I've been in the security space for 25 years, and understand the theory of PKI. But I've also been in the ops space for 30 years, and understand that if you don't balance security theory with operational practice, critical business functions can fail.

Ideally yes, the private key is never seen. In reality, it needs to be backed up in a secure place so it can be restored in the event of a failure.


You can use more than one key you know.

Keep the private key you actively use in the secure enclave. The system you actively use is most at risk.

Keep a secondary offline private key as backup. You can generate and store it in a secure location, and never move it around. Airgapped even if you want. You could even use a yubikey or other hardware for the secondary key giving you two hard to export keys.

Distribute pub keys for both of them.

Best of both worlds?


It’s important to remember that over time systems develop complexities that can be hard to recover from scratch because by definition air gapped data aren’t ones you are regularly exercising. Here’s an example of this in action from Google’s history

https://google.github.io/building-secure-and-reliable-system...


>It took an additional hour for the team to realize that the green light on the smart card reader did not, in fact, indicate that the card had been inserted correctly. When the engineers flipped the card over, the service restarted and the outage ended.

This is some good read!


Yeah but if you get a new device, you have to go add its pubkey to every server you ever use. I wish there were an easier way, otherwise it's understandable that people copy privkeys.

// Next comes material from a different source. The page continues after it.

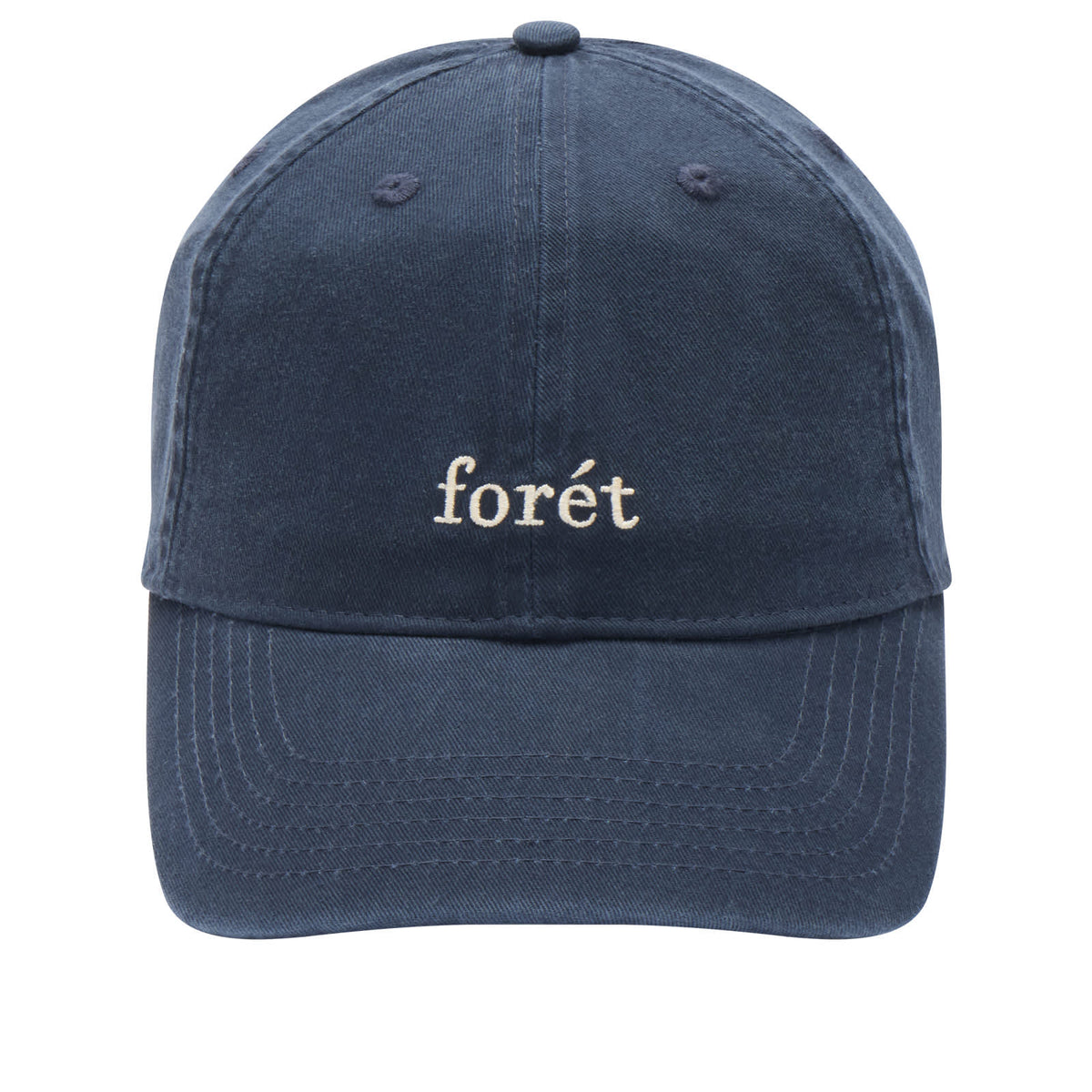 Foret Hawk Washed Cap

There is an easier way: Create a SSH CA, add that to your authorized_keys everywhere, use it to sign the individual public keys.

Yep that's what I do! I have two ssh-ca's stored on two Yubikeys. And both are trusted by my servers.

If I lose one I can still sign new certs with the other.

https://github.com/arianvp/nixos-stuff/blob/master/modules/s...


But now you need to worry about revocation or at least key lifetimes.

I would argue that doing both of those is still less work than maintaining authorized_keys in many places.

> I wish there were an easier way,

For SSH there is.

Its called SSH certificates. ;)


> if you get a new device, you have to go add its pubkey to every server you ever use

It’s not too bad, if the number of servers is not too high.

I have different client pub keys on my phone, multiple laptops and desktop computers and manage my authorized keys to be able to ssh into my servers from the devices, as well as from one laptop to another or from my phone to one of the laptops, etc.

Because I already have several client devices I don’t really need any backup ssh keys. The fact that each device has a different key means that if one laptop breaks or my phone is stolen, I can still ssh into everything from one of the remaining devices and remove the pub key of the broken or stolen device from authorized keys and generate new keys on new devices and then using one of the existing devices to add the pub key of the new device to the authorized keys of the servers and other devices.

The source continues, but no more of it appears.